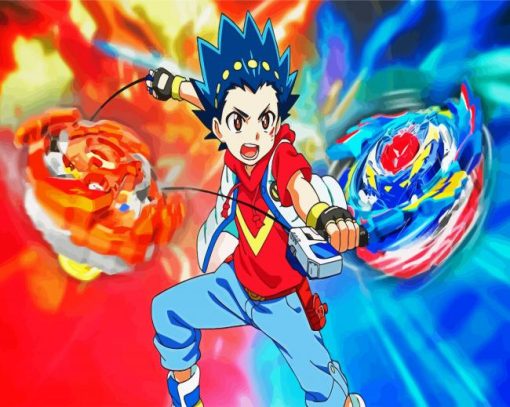 Valt Aoi Beyblade paint by numbers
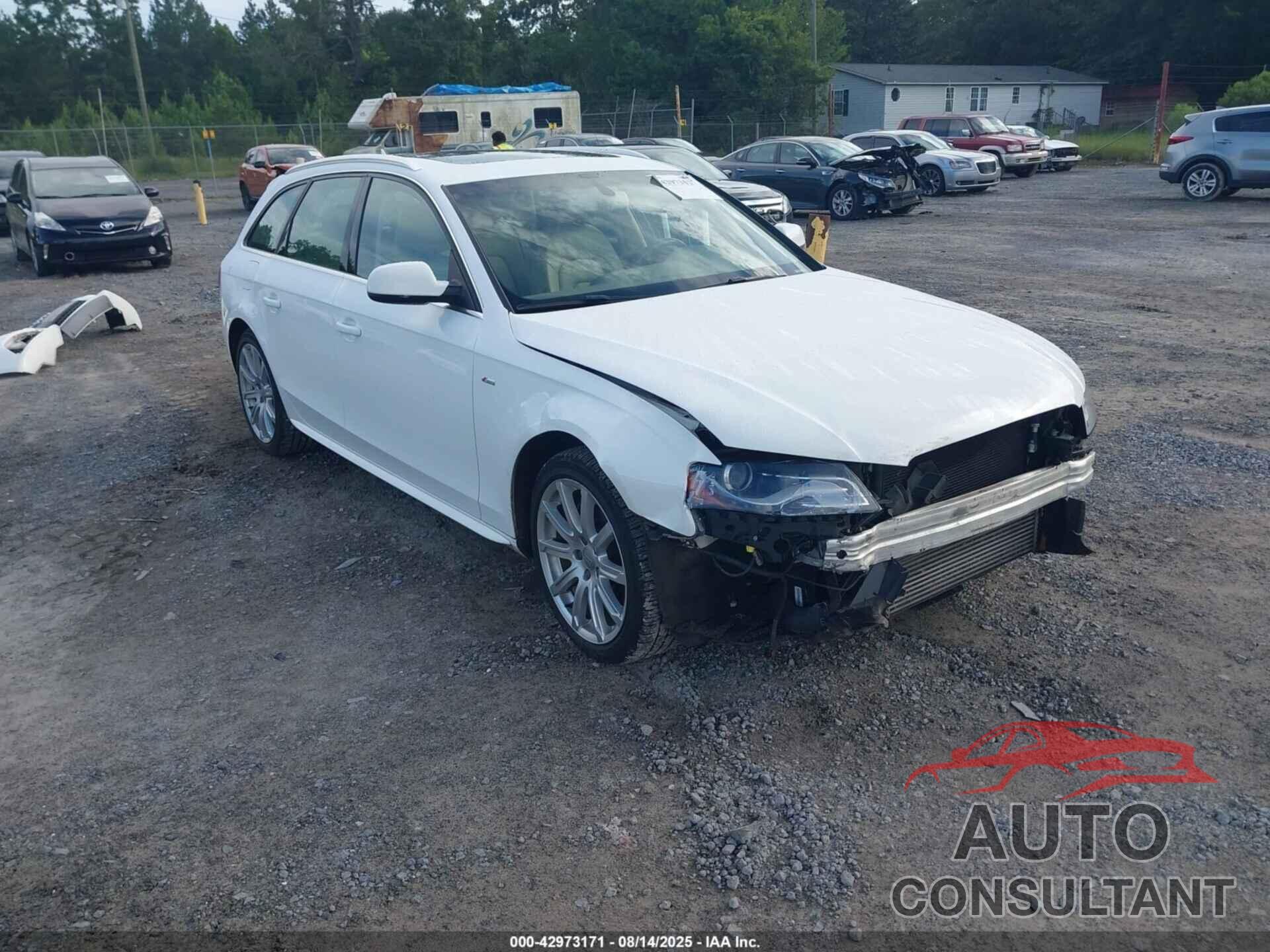 AUDI A4 2012 - WAUWFAFL6CA025822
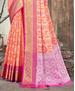 Picture of Bewitching Orange Casual Saree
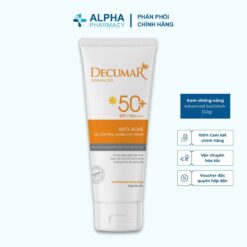 Kem Chống Nắng Decumar Advanced Sunblock Bảo Vệ Da, Giảm Thâm Sạm – 50g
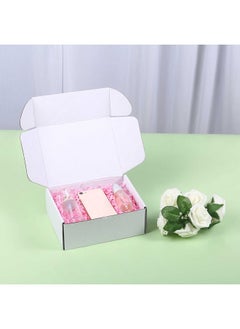 DUZCLI 8X6X3 Inches Small Shipping Boxes Set Of 25 White Corrugated Cardboard Boxes For Small Business Packaging Supplies Mailing Boxes Packing Boxes And Gift Boxes For Presents  - Image 5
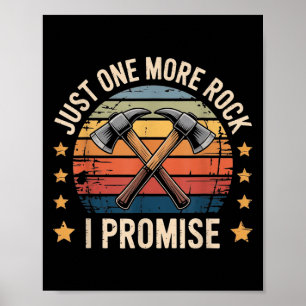 Noch ein Rock I Versprechen Geologe Retro Style Poster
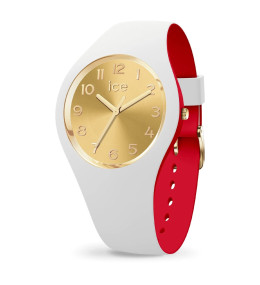 La Montre ICE WATCH, ICE loulou, White gold chic - Small 34 MM 022324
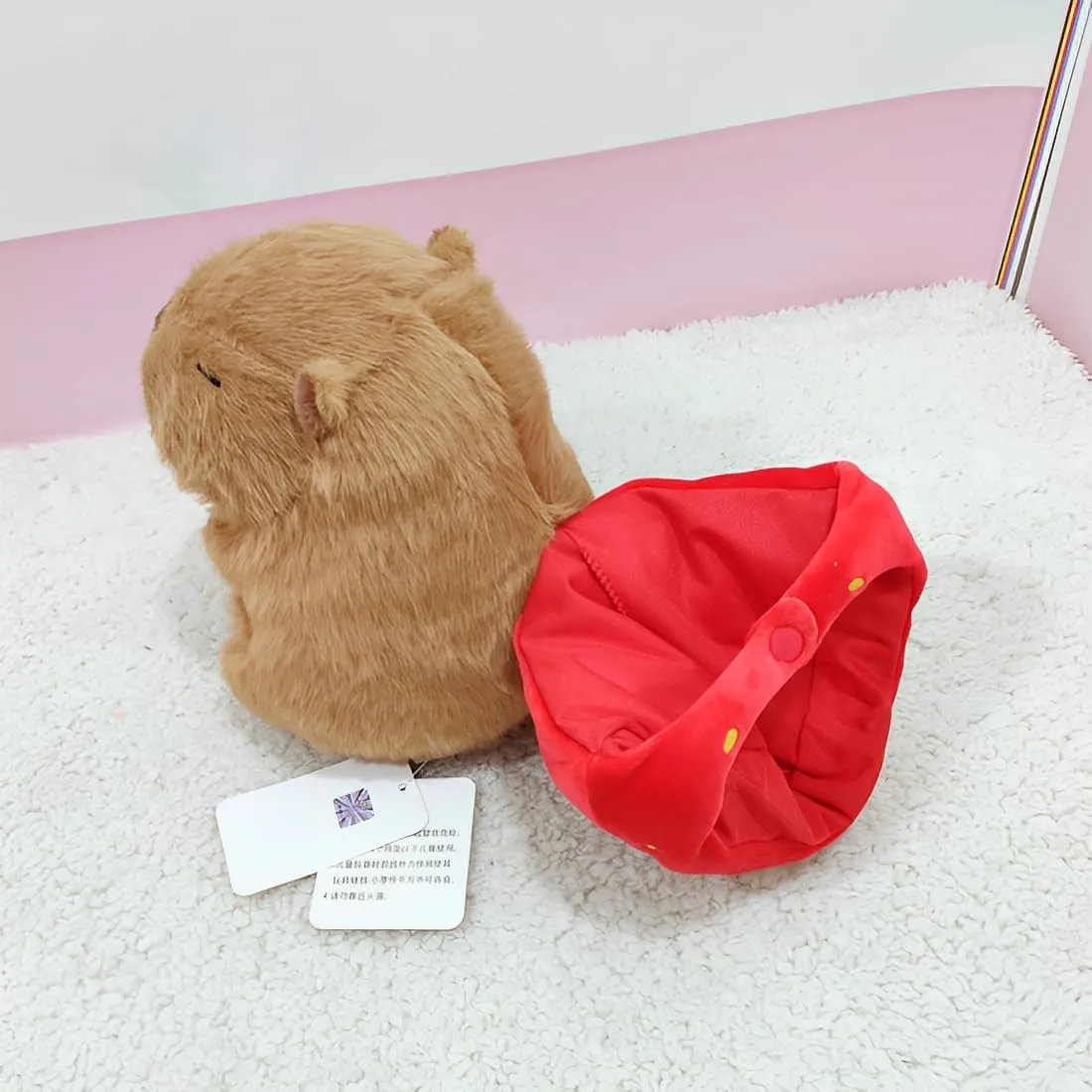 JPORSHU Capybara Plush Toy， 18inch Capybara Plush with Turtle Backpack， Kawaii Capybara Stuffed Animal and Home Decor Gifts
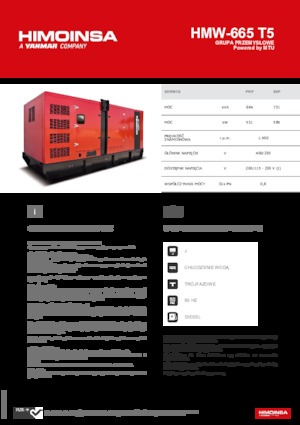 Generatori diesel HIMOINSA HMW-665 T5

****

§ **Problem to solve**
Please print the records above word for word, leaving every image out.

§ **Solution for this exercise**
 Valt Aoi Beyblade paint by numbers
 AUDI A4 2012 - WAUWFAFL6CA025822
 Picture of Bewitching Orange Casual Saree
 Kem Chống Nắng Decumar Advanced Sunblock Bảo Vệ Da, Giảm Thâm Sạm – 50g
 DUZCLI 8X6X3 Inches Small Shipping Boxes Set Of 25 White Corrugated Cardboard Boxes For Small Business Packaging Supplies Mailing Boxes Packing Boxes And Gift Boxes For Presents  - Image 5
 Noch ein Rock I Versprechen Geologe Retro Style Poster
 La Montre ICE WATCH, ICE loulou, White gold chic - Small 34 MM 022324
 JPORSHU Capybara Plush Toy， 18inch Capybara Plush with Turtle Backpack， Kawaii Capybara Stuffed Animal and Home Decor Gifts
 Generatori diesel HIMOINSA HMW-665 T5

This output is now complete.